Print exactly the lines that run from the first line of the material to the line containing "PRS 2011 DGT", both ends included, and skip the pictures.
*** Opening Data to process ***
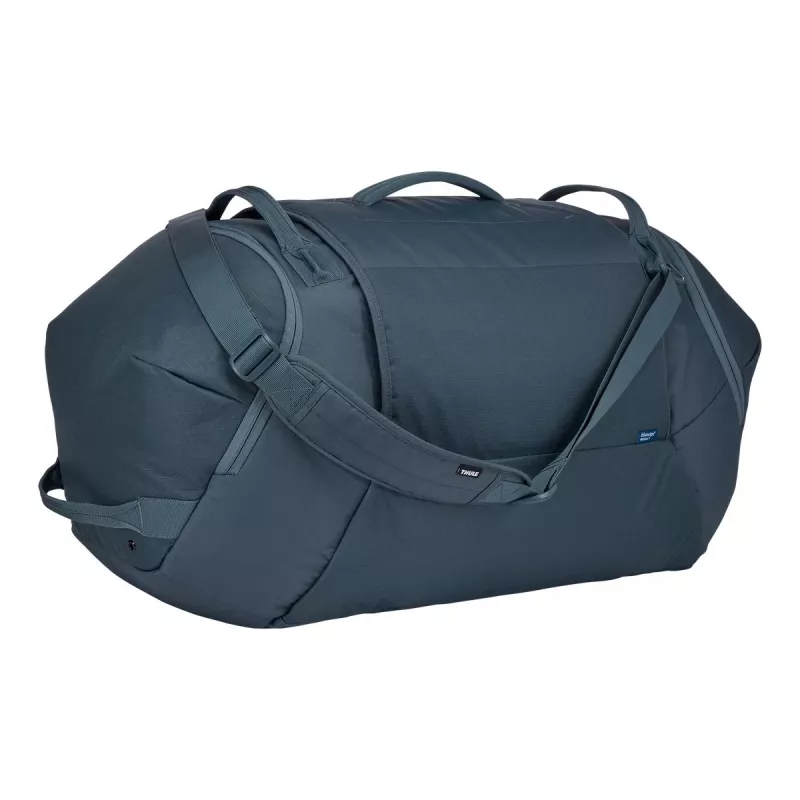 Thule 4941 Roundtrip Ski un Snovborda Somā 80L Dark Slate
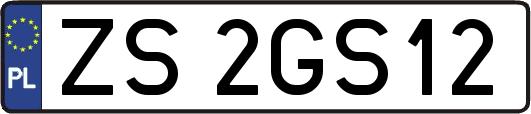 ZS2GS12
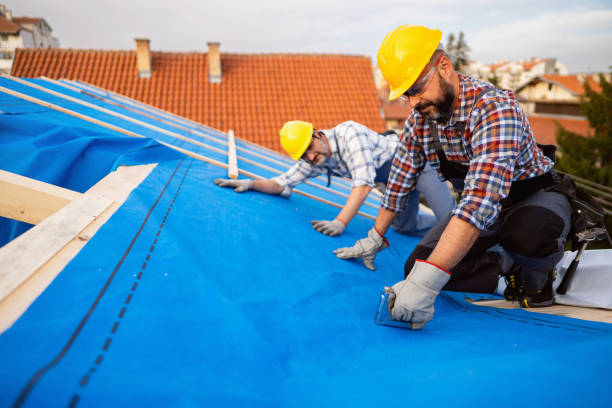 Best Slate Roofing Contractor  in Falling Waters, WV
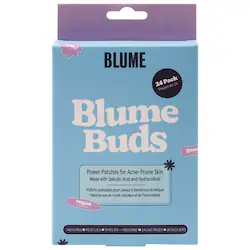 Blume Power Patches for Acne-Prone Skin – Buds Cream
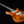 PRS 2011 DGT "10" Top Yellow Tiger - Used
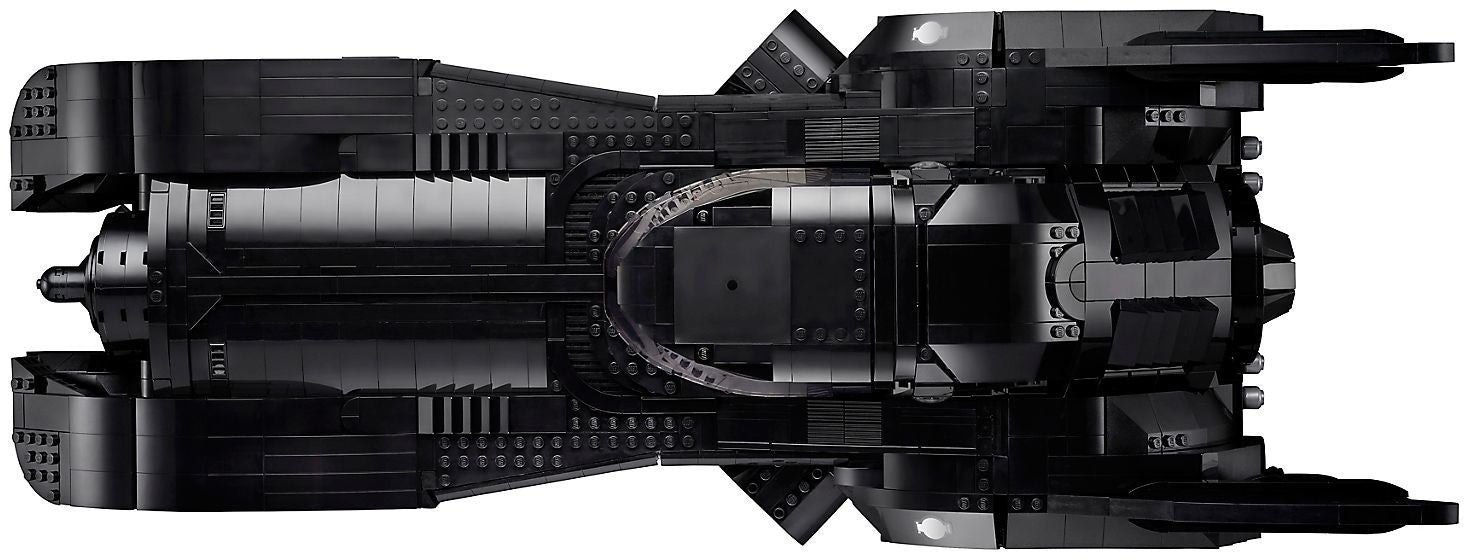 LEGO Batman - 1989 Batmobil [76139]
*** Closing Data to process ***
* Answer for this exercise *
 Thule 4941 Roundtrip Ski un Snovborda Somā 80L Dark Slate
 ZS2GS12
 Best Slate Roofing Contractor  in Falling Waters, WV
 Blume Power Patches for Acne-Prone Skin – Buds Cream
 PRS 2011 DGT "10" Top Yellow Tiger - Used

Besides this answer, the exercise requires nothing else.